Let $K$ be a number field (finite extension of $\mathbb{Q}$) and $\mathcal{O}_K$ its ring of integers (elements of $K$ which are integral over $\mathbb{Z}$). It's an exercise in "Undecidability in number theory" (Koenigsmann, 2013, exercise 3.3, arXiv) to show that the set of non-zero elements in $\mathcal{O}_K$ is diophantine. More specifically even, it should hold that for $x \in \mathcal{O}_K$,
$$ x \neq 0 \Leftrightarrow \exists y, z : xz = (2y-1)(3y-1). $$
The direction from right to left is easy, as $(2y-1)(3y-1)$ can never be equal to $0$ ($2$ and $3$ are not invertible in $\mathcal{O}_K$), but I struggle to prove the other direction, even when $\mathcal{O}_K = \mathbb{Z}$. Both hints and full solutions are welcome.

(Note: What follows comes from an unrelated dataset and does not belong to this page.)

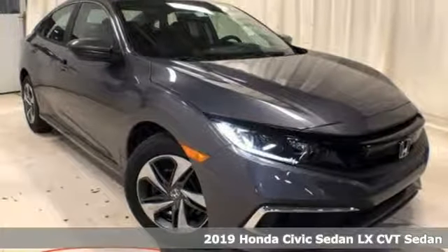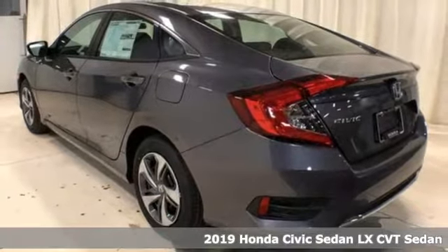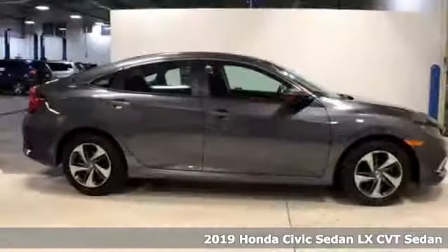Here's a new 2019 Honda Civic Sedan. Get more mileage out of every drive with this Civic, and it comes with all the amenities you need.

In $\Bbb Z$ we need to show that for any nonzero number $n$, the congruence $(2y-1)(3y-1)\pmod n$ is soluble (we may as well suppose $n>0$). If either $2$ or $3$ is invertible modulo $n$, this is clear. But that's enough since by the Chinese Remainder theorem, we may reduce to the case where $n$ is a prime power, and a prime power can't be divisible both by $2$ and by $3$.
I think this works in ${\mathcal O}_K$ too. A finite quotient of ${\mathcal O}_K$ will be a direct product of rings of prime power order etc.